Google faces third EU antitrust fine within weeks, this time for AdSense

EU Competition Commissioner set to announce a penalty targeting the AdSense advertising service in the coming weeks.

google
Aoife White and Stephanie Bodoni | Bloomberg
3 min read Last Updated : Jul 09 2019 | 3:59 PM IST
The curtain could soon fall on the last in a trilogy of European Union antitrust fines for Alphabet Inc.’s Google.

Competition Commissioner Margrethe Vestager is set to announce a penalty targeting the AdSense advertising service in the coming weeks, according to people familiar with the probe who spoke on condition of anonymity. Regulators were probing whether Google’s advertising contracts unfairly restricted rivals. The timing is tentative and could still be pushed back, the people said.

The penalty will mark the culmination—for now—of more than eight years of active antitrust investigation into the U.S. tech giant. The company has already racked up 6.7 billion euros ($7.6 billion) in fines and faces a potential threat of more if it doesn’t obey EU orders to change its behavior.

The EU said in 2016 that Google hindered competition for online ads with its AdSense for Search product which places advertising on websites, including retailers, telecommunications operators and newspapers. While its European market share is more than 80 percent, AdSense contributed less than 20 percent of Google’s total ad revenue in 2015, a percentage which has declined steadily since 2010.

Skewing Results

The commission in July fined Google a record 4.3 billion euros in the Android case, demanding that the company change the way it puts search and web-browser apps onto Android mobile devices. A year earlier, Google received a then-record 2.4 billion-euro penalty after regulators accused it of skewing results to thwart smaller shopping search services.

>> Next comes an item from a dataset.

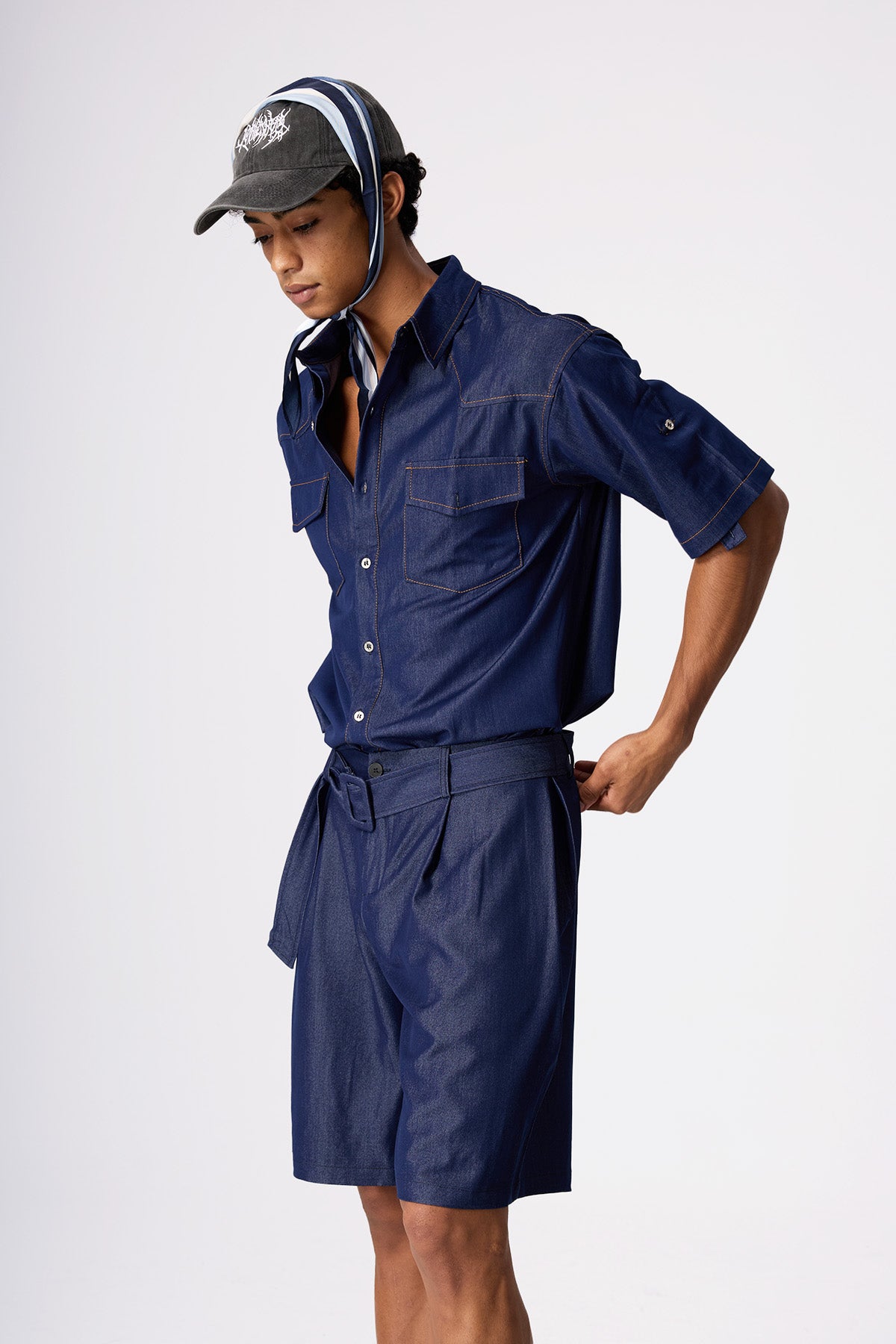 Static Plane Short Sleeve Denim Pants Set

The fine is likely to be lower than in the previous cases, because Google has collaborated with the commission and has already introduced changes in AdSense, according to Aitor Ortiz, an analyst for Bloomberg Intelligence in London.

“A fine isn’t likely to cause long-term harm to the company as AdSense has been replaced by other products,” he said. “If you look at the annual reports, AdSense is less and less relevant.”

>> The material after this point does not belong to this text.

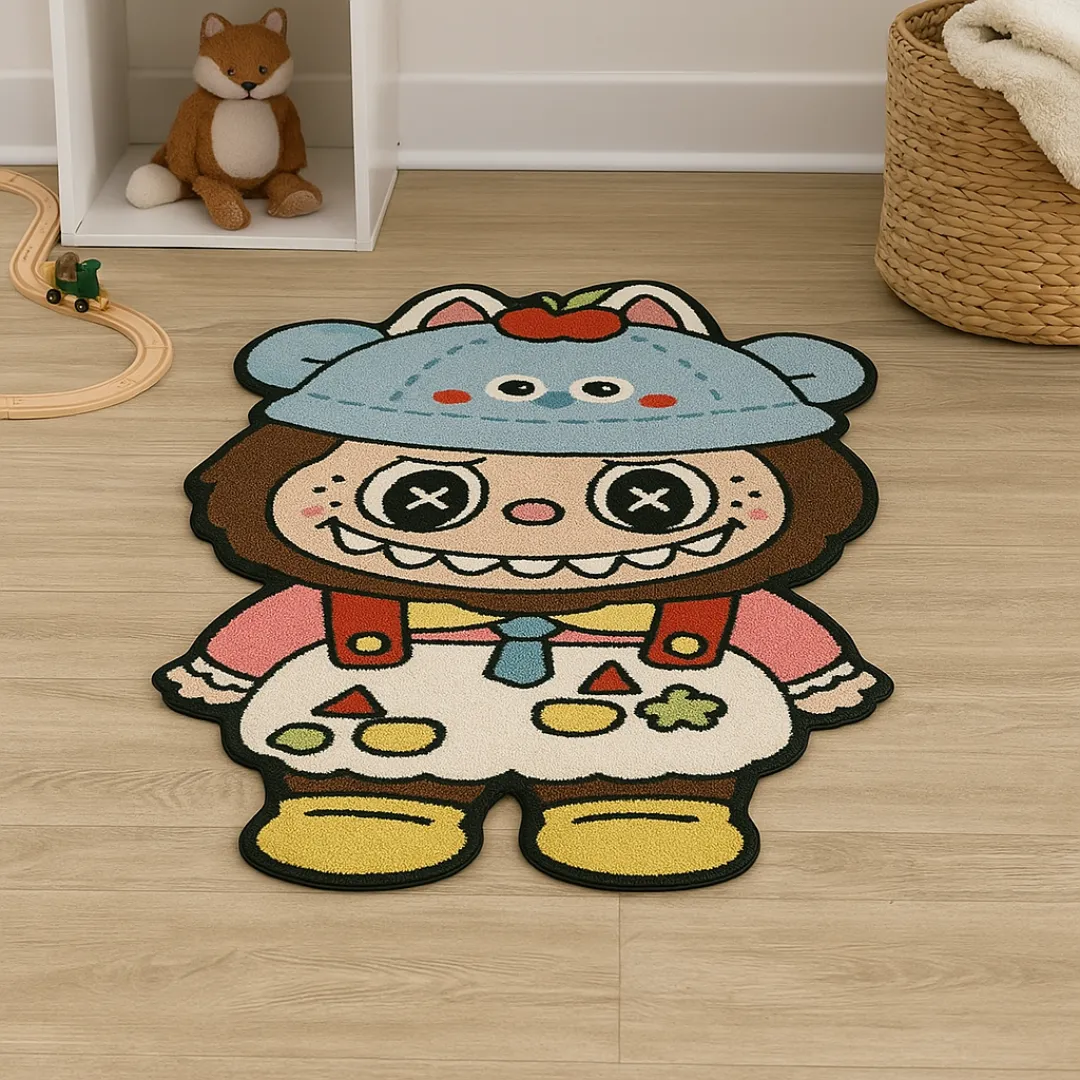 Character-shaped Labubu rug placed in a playful kids’ room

Google and the commission in Brussels declined to comment on the timing of the fine decision.
Vestager in November said the AdSense probe was reaching the end but wouldn’t be finalized before the new year. Officials allege that the company prevented customers from accepting rival search ads from 2006 and maintained restrictions on how competitors’ ads were displayed when it altered contracts in 2009.

The Danish EU commissioner has rejected claims she’s singling out U.S. tech giants for special treatment, despite a series of high-profile decisions targeting American companies, including Apple Inc. and Amazon.com Inc.